### [Exercise data]
*****

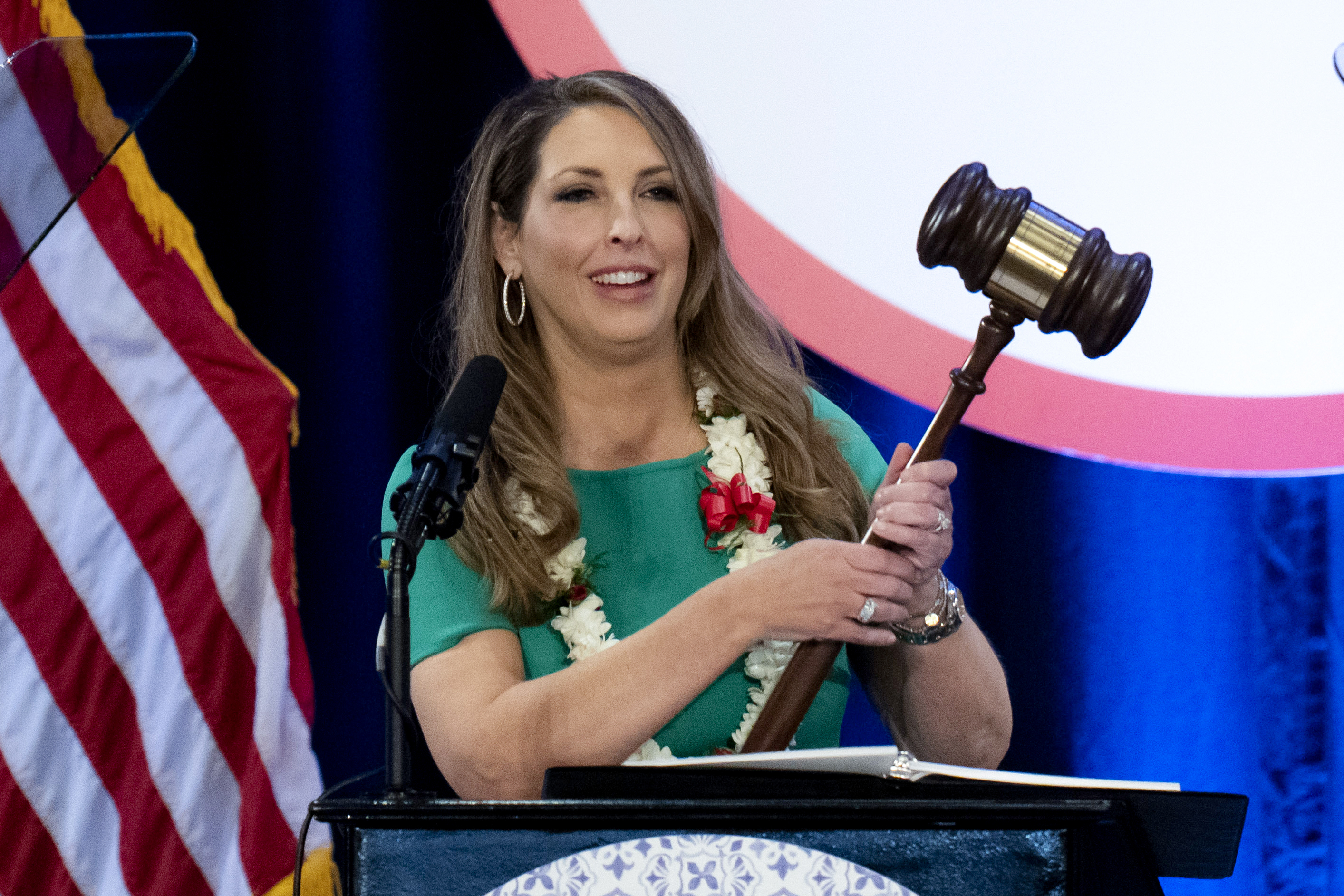 Ronna McDaniel, wearing a green shirt and a garland of flowers around her neck and carrying an oversized gavel, stands at a podium in California.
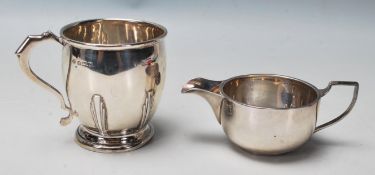 Pa pair of English silver hallmarked creamer jugs. One with circular pedestal base and Art Deco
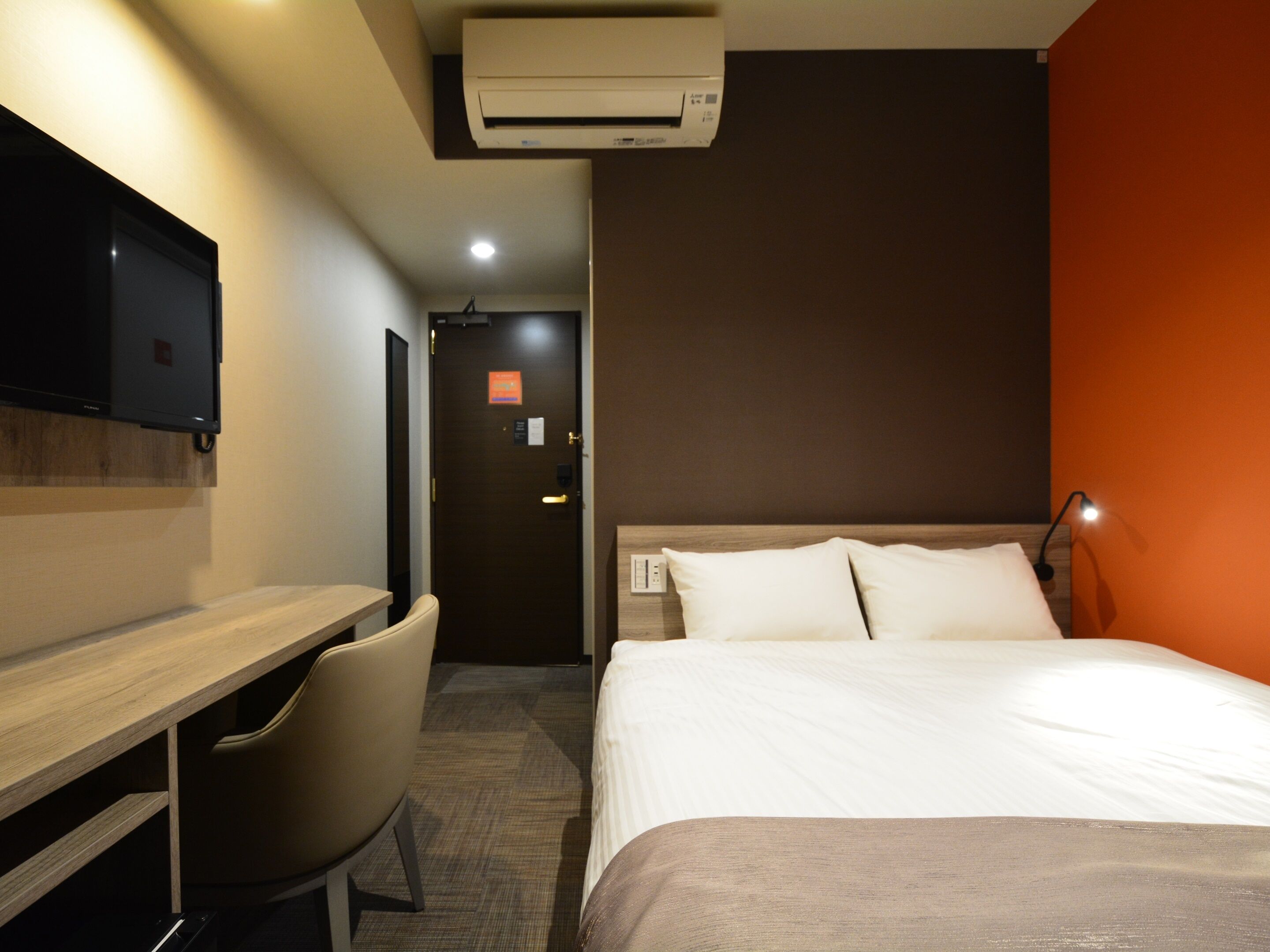 Une chambre d’hôtel équipée d’un lit, d’un bureau, d’une chaise, d’un climatiseur et d’un téléviseur.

*****

### [What is needed]
All that is needed is an exact copy of the lines from the line with "Pa pair of English" through the end of the listing, both ends included, with no pictures.

### [Task solution]
 Pa pair of English silver hallmarked creamer jugs. One with circular pedestal base and Art Deco
 Une chambre d’hôtel équipée d’un lit, d’un bureau, d’une chaise, d’un climatiseur et d’un téléviseur.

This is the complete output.